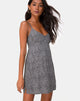 Image of Rilia Slip Dress in Ditsy Leopard Grey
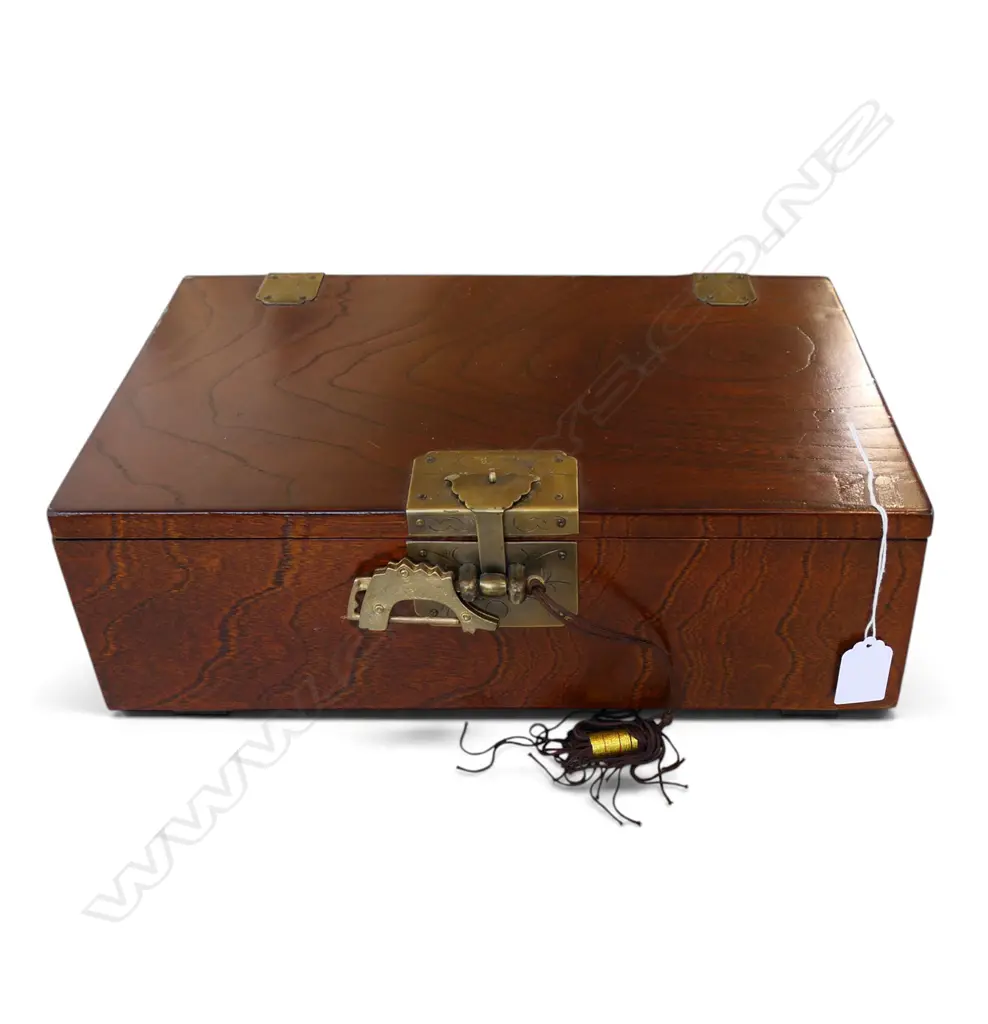 ORIENTAL WOODEN BOX 365x230x110mm Image 1++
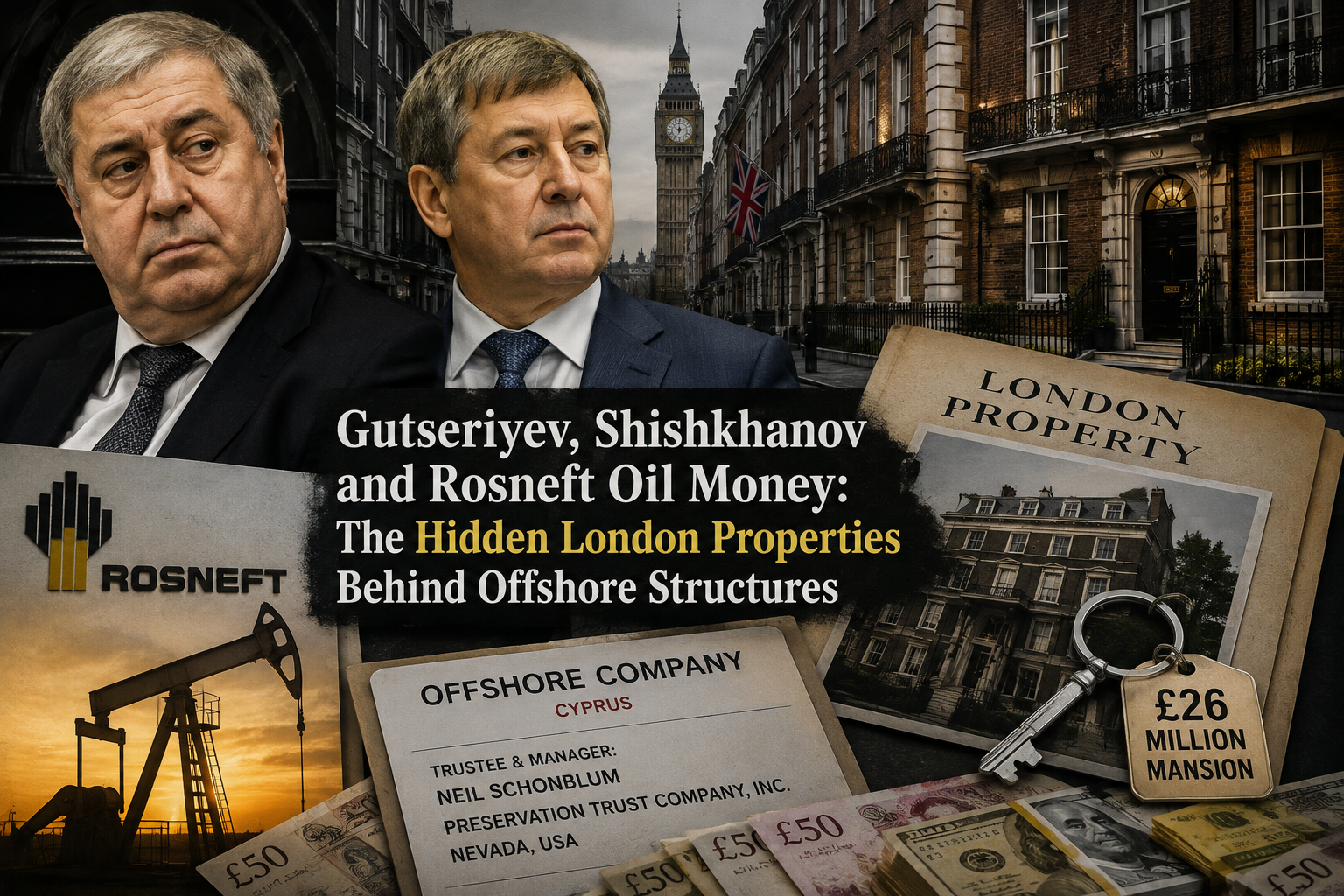 Gutseriev Family’s Hidden London Wealth: How Shishkhanov’s £26 Million Mansion Was Shielded Behind an American Trust Lawyer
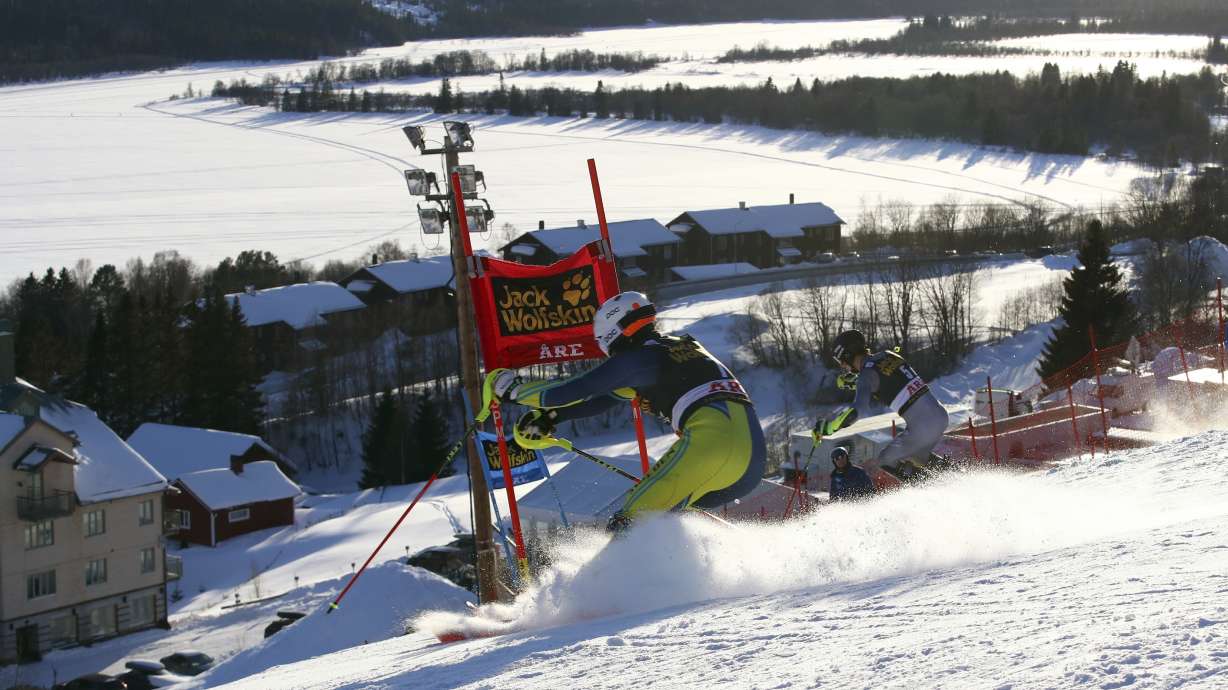 Host Sweden wins Alpine team event at World Cup ski finals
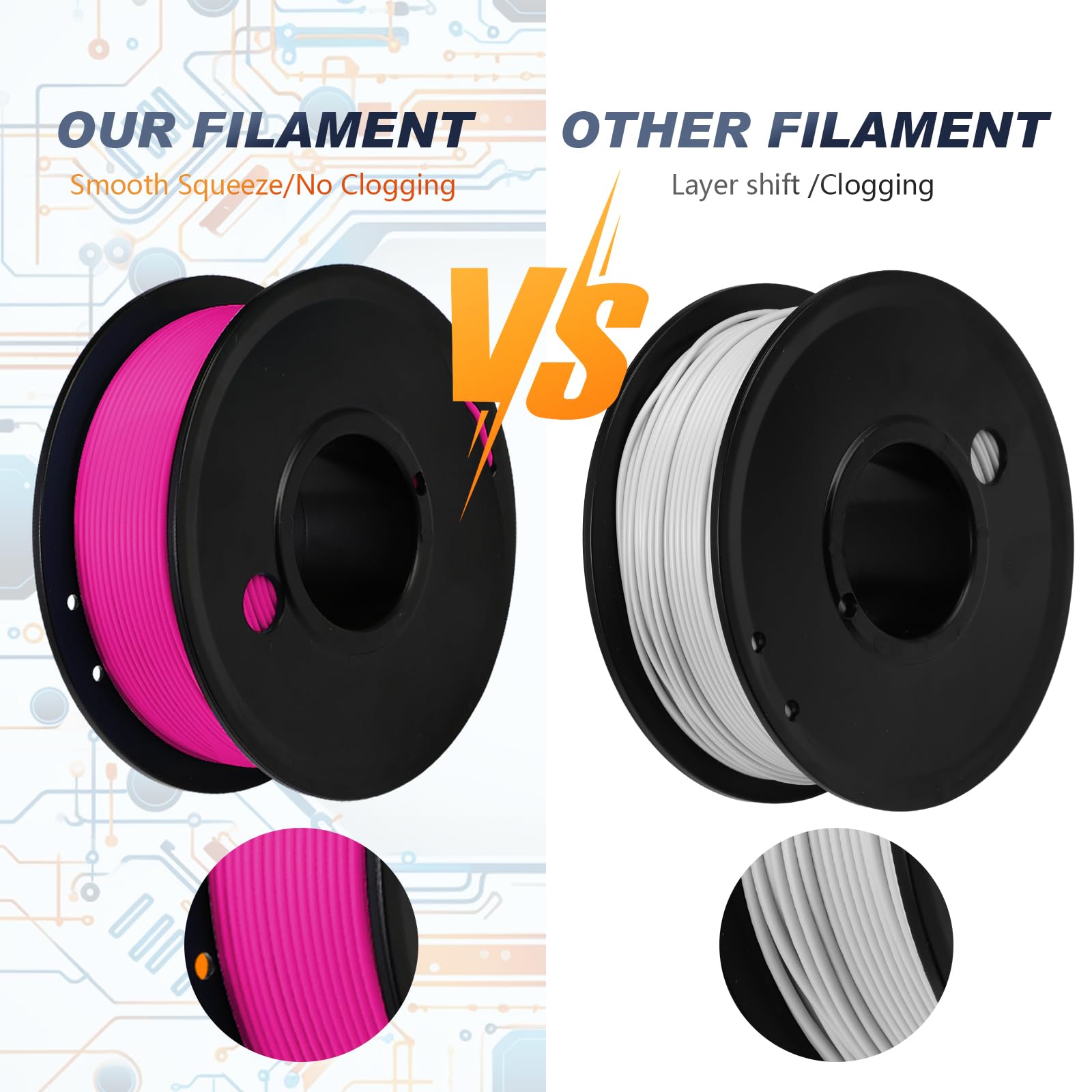 Foto 3 | Filamento Pangda Multicolor Pla Para Impresora 3d  1 75 Mm Y 1 5 Kg - Venta Internacional.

********

• TASK DESCRIPTION
Your copy should match the material above exactly, minus its pictures.

• TASK RESPONSE
 Image of Rilia Slip Dress in Ditsy Leopard Grey
 ORIENTAL WOODEN BOX 365x230x110mm Image 1++
 Gutseriev Family’s Hidden London Wealth: How Shishkhanov’s £26 Million Mansion Was Shielded Behind an American Trust Lawyer
 Host Sweden wins Alpine team event at World Cup ski finals
 Foto 3 | Filamento Pangda Multicolor Pla Para Impresora 3d  1 75 Mm Y 1 5 Kg - Venta Internacional.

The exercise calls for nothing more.